Maria Suarez marks the turning-point in her decades-long journey from slavery to freedom as the moment when a bird knocked at her window. She had no idea she about to be freed, but when the bird came she knew that she “was going to have some good news.” She waited, and minutes later officials told her she was going to be free.
At the age of 15, in 1976, Maria immigrated legally to the US from Michoacan, Mexico, with her father. She was soon approached on the street in Los Angeles by a woman offering work as a cleaner. But instead the woman sold her to 68-year-old Anselmo Covarrubias for $200, and Covarrubias made her his domestic slave. For five years he held her in bondage in his house in the Los Angeles suburb of Azusa, raped and beat her, and threatened her with black arts wizardry. Maria believed that he read her mind, possessed her soul, and would hurt her family if she told anyone about the abuse.

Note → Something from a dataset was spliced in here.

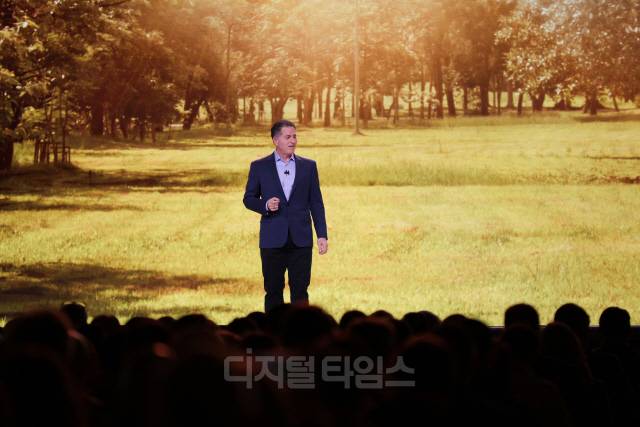 마이클 델 델 테크놀로지스 회장이 20일(현지시간) DTW 2025에서 키노트를 통해 기업의 AI 도입을 지원하는 방안을 이야기하고 있다. 델 테크놀로지스 제공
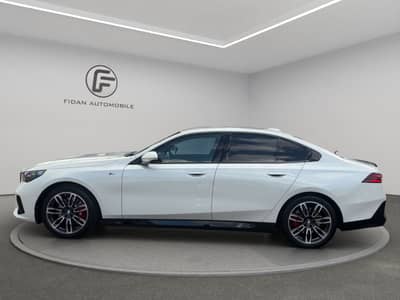 BMW 520d Lim. M Sport*360*H&K*HUD*Gestik*Memo*Shadow — slika 2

In August 1981, Covarrubias was bludgeoned to death with a table leg by Pedro Soto, who was renting a converted garage on the property. Maria washed the weapon and hid it under the house, as directed by Soto. She was arrested, along with Soto and his wife. Soto was convicted of first-degree murder, and his wife was convicted of soliciting murder and being an accessory to a felony. Maria was convicted of conspiracy to commit murder, sentenced to 25 years to life, and incarcerated at the California Institution for Women in Corona. Officials eventually confirmed that she suffered from battered woman’s syndrome — allowed as a legal defense in California after in 1992 — and she was paroled in 2003, after five years in slavery, and 22.5 years in prison.But Maria still wasn’t free: according to federal law, non-citizens convicted of violent crimes must be deported upon their release, and she was taken directly to a federal detention facility. She spent more than five months fighting deportation, then was certified as a trafficking victim eligible for a T-visa—a new status for victims of slavery and trafficking in the US. She was freed in May 2004.
I grew up in a village of between 500 and 700 people. Most of the people there were family; cousins, my grandpa, my uncles. Everybody was family. It was a very, very nice life for me, growing up with my parents, on the farm, with my brothers and sisters. When I was a little girl I saw my parents working hard, and my dream was to one day become somebody, have money, and give them the best in life; treat them like a king and queen. I always wanted to take care of my parents. That was my dream.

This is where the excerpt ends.